Papua New Guinea, Australia commit to closer security ties

By Kirsty Needham

SYDNEY (Reuters) - Papua New Guinea Foreign Minister Justin Tkachenko said on Wednesday the Pacific Island nation was "crystal clear" in partnering with Australia for security, as China pushes to expand its police role in a region where it is a major lender.

Australia sent seven ministers and its police chief to Papua New Guinea to hold security and trade talks with its northern neighbour on Wednesday, with Australia's Defence Minister Richard Marles noting it was the largest such delegation sent to any country.

On Thursday, the delegation will travel to the scene of last month's deadly landslide in remote Enga province, with Australia announcing support for a program to improve stability in PNG's highlands, including weapons management. Tribal conflict had hampered rescuers reaching the landslide.

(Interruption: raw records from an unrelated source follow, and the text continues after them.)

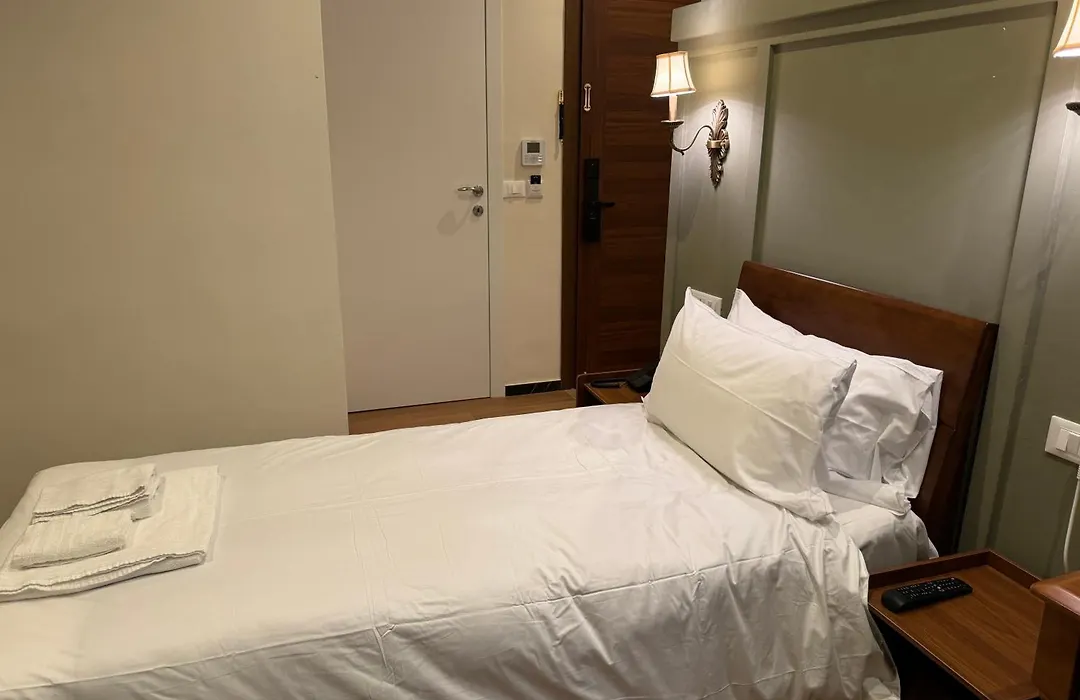 Modi Hotel-1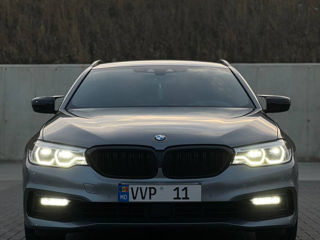 BMW 5 Series foto 1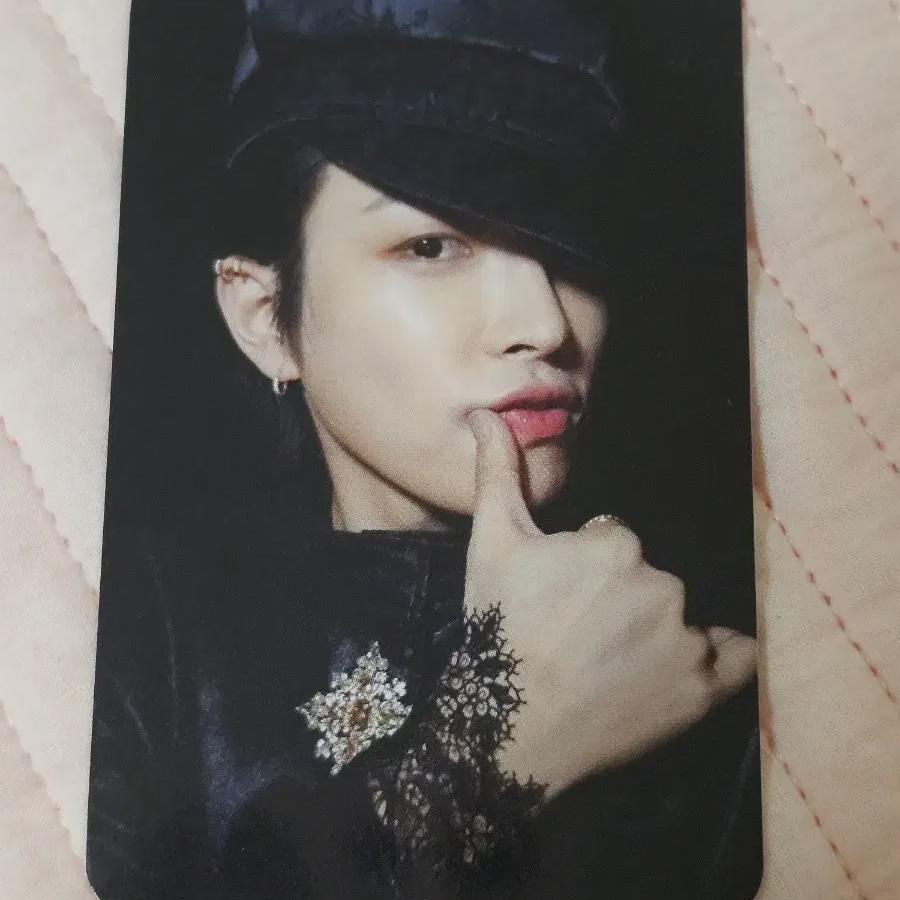 

Ateez Hongjoong Photocard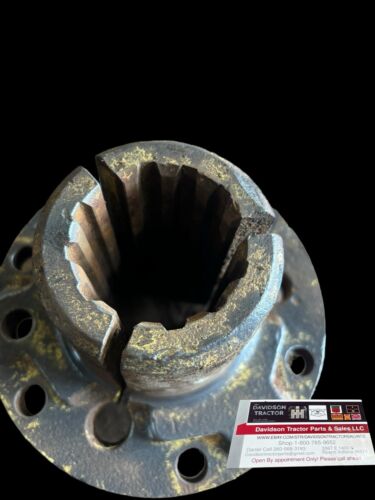 John Deere B Original 12 Spline Rear Wheel Hub & Collar B2188R Antique Tractor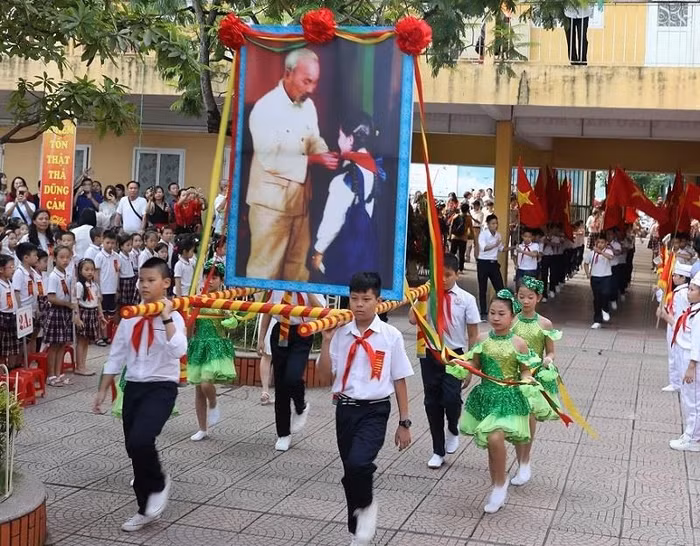 Với những kết quả trong các hoạt động giáo dục toàn diện, năm học 2018 - 2019, nhà trường chúng ta lại tiếp tục vinh dự được Ban Lãnh đạo Thành phố tặng: Cờ đơn vị xuất sắc phong trào thi đua năm học 18-19 và Cờ Chân dung Bác của Ban chấp hành Trung ương Đoàn.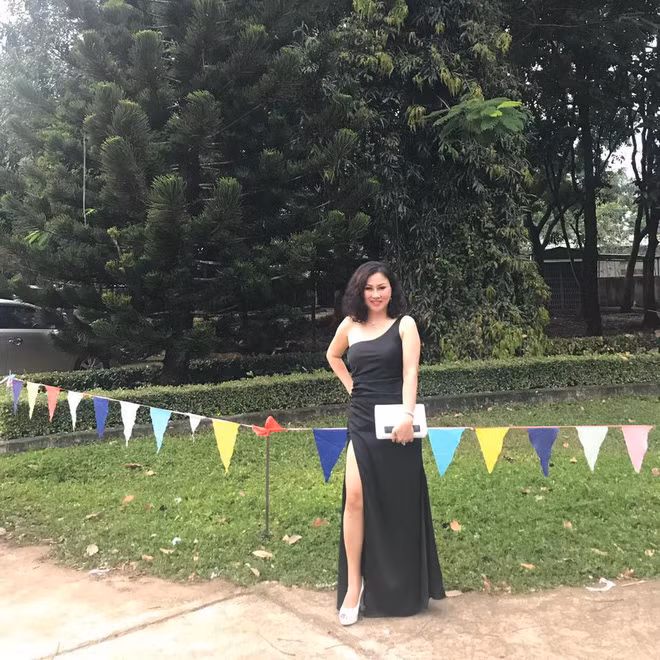Phong cách thời trang của bà cũng khá sang trọng, quý phái. Sau khi cô con gái nổi tiếng, công việc kinh doanh của bà cũng suôn sẻ hơn trước rất nhiều. Nhờ đó, cuộc sống của bà hiện tại khá thoả mái, an nhàn với những chuyến du lịch cùng bạn bè.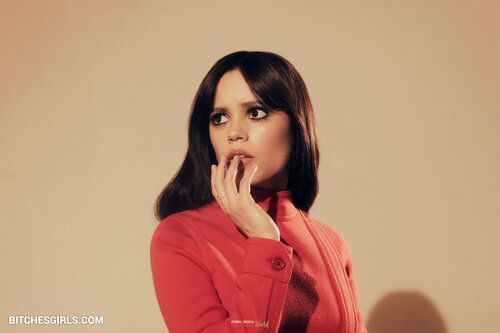 320778007023837519672852464538754761444 thumbnail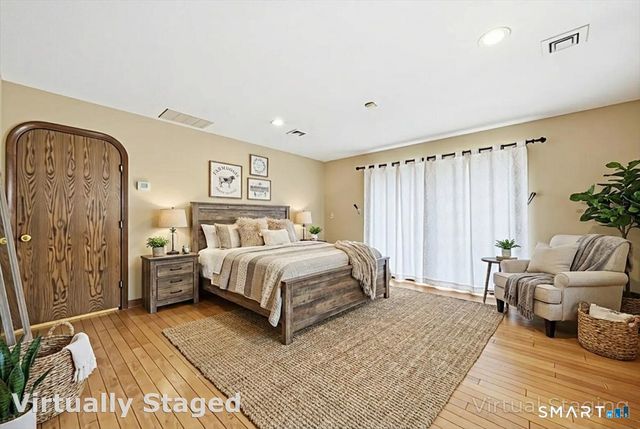 110 Butlertown Road, Waterford, CT 06385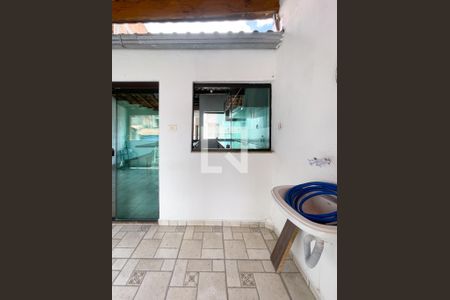 Casa à venda com 125m², 5 quartos e 2 vagas Casa à venda com 125m², 5 quartos e 2 vagasÁrea de Serviço Casa 3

The security and trade talks were held a day after China's Premier Li Qiang visited Australia. China has also sought a policing deal with PNG, and says it has a plan to help Pacific Island countries with social order.

"When it comes to China they are a strong economic trade partner to Papua New Guinea, just like Australia, and when it comes to security we have signed a bilateral security agreement with Australia," Tkachenko said at a livestreamed press conference.

"We as a government saw it crystal clear that we will continue to support and work and partner with Australia now and in the future for our security," he added.

Australia's Foreign Minister Penny Wong said the two sides had discussed the importance of "strategic trust" and Australia was appreciative of PNG's assurances.

"In a difficult and troubled world we look to our traditional partners, to Papua New Guinea, to be closer," said Marles.

Australia had cut visa processing times for PNG applicants from three months to seven days as part of efforts to cut red tape and draw the nations closer, he said.

The two countries signed a security deal in December that will see Australia spend A$200 million to help boost PNG's internal security, including the court system, police training and prisons.

The resource rich but largely undeveloped nation experienced deadly riots in January that saw businesses destroyed during a police strike.

Australia will boost funding to assist PNG prosecute financial crimes, and 70 police cadets have travelled to Australia for training.